All maps created by SkyProj are interactive using the standard matplotlib interactivity tools. Zooming and panning are supported through the standard widgets. When the map is zoomed, any healsparse or HEALPix map will be re-rasterized at the new resolution. In this way, one can view a high resolution map over the full sky without rendering every tiny pixel; when zoomed, more detail will appear.

The default behavior on zoom is for the colorbar to be rescaled based on the range of map pixels shown in the current frame. This functionality can be turned off by either instantiating the SkyProj() subclass with autrescale=False or by using sp.set_autorescale(False).

In addition, the default behavior on zoom is for the map to retain the original projection. When zooming in to a small region far from the central longitude this can lead to large distortion (as seen in the Tissot Indicatrices of the McBryde projection above). There is currently experimental support for reprojecting on the current displayed central longitude by hitting R (for Reproject) when the mouse is within the plot window. Performing the reprojection may be slow, and there are some cases where it can go awry. When the zoom is below 1 degree across the reprojection will use a Gnomonic (tangent-plane) projection which has sufficiently small distortion at all locations.

Plotting Customization

Much of the plotting functionality is decided by SkyProj itself. However, there is a lot of customization available. The fonts, font sizes, tick label sizes, etc, are all determined by the matplotlib RC parameter dictionary.
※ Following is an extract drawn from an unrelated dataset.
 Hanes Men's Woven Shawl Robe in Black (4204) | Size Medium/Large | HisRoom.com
A few of these in particular should be highlighted:

  • xticks.labelsize: Sets the label size for the x (longitude) ticks on the plot.

  • yticks.labelsize: Sets the label size for the y (latitude) ticks on the plot.
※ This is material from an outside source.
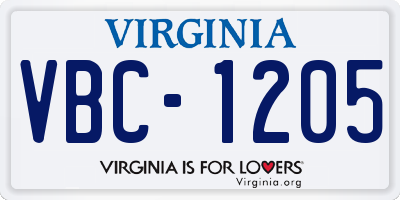 VA license plate VBC1205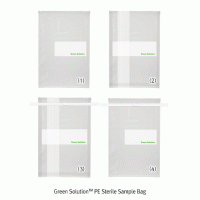 Green SolutionTM Sterile Sample Bag, PE, with White Writing Area, 190×h300mm, 1620㎖ Ideal for Sampling & Stomacher, Plain·Wire·Filter·Filter & Wire-type, 0.1mm Thick, 멸균 샘플백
  • axes.linewidth: Sets the width of the boundary of the full plot.

  • axes.labelsize: Sets the size of the x/y (lon/lat) labels; this will default to 16 unless specifically overridden with an rcparams.
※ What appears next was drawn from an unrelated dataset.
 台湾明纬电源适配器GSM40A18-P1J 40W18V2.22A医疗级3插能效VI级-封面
These values (and any others) can be overridden at the time of map instantiation with a temporary dictionary, like so:

import matplotlib.pyplot as plt
import skyproj

# These values are comically exaggerated for effect.
rcparams = {'xtick.labelsize': 20,
            'ytick.labelsize': 4,
            'axes.linewidth': 5}

fig, ax = plt.subplots(figsize=(8, 5))
sp = skyproj.McBrydeSkyproj(ax=ax, rcparams=rcparams)
plt.show()
McBrydeSkyproj with comically exaggerated label size overrides.

There are additional SkyProj specific customization options that are not controlled via the matplotlib RC parameter dictionary. These include the number of grid lines in the longitude and latitude direction, as well as minimum spacing between latitude tick labels to help prevent label clashes. These options are controlled at initialization time via keyword parameters, and include:

  • longitude_ticks: Label longitude ticks from 0 to 360 degrees (positive) or from -180 to 180 degrees (symmetric).

  • n_grid_lon: The number of grid lines to use in the longitude direction (x in rectangular-style projections). The default is the axis ratio of the plot multiplied by the number of latitude grid lines.

  • n_grid_lat: The number of grid lines to use in the latitude direction (y in rectangular-style projections). The default is 6 lines.

  • min_lon_ticklabel_delta: The minimum relative spacing between longitude tick labels (relative to the width of the axis). Smaller values yield closer tick labels (and the potential for clashes), and larger valus yield more spacing between tick labels.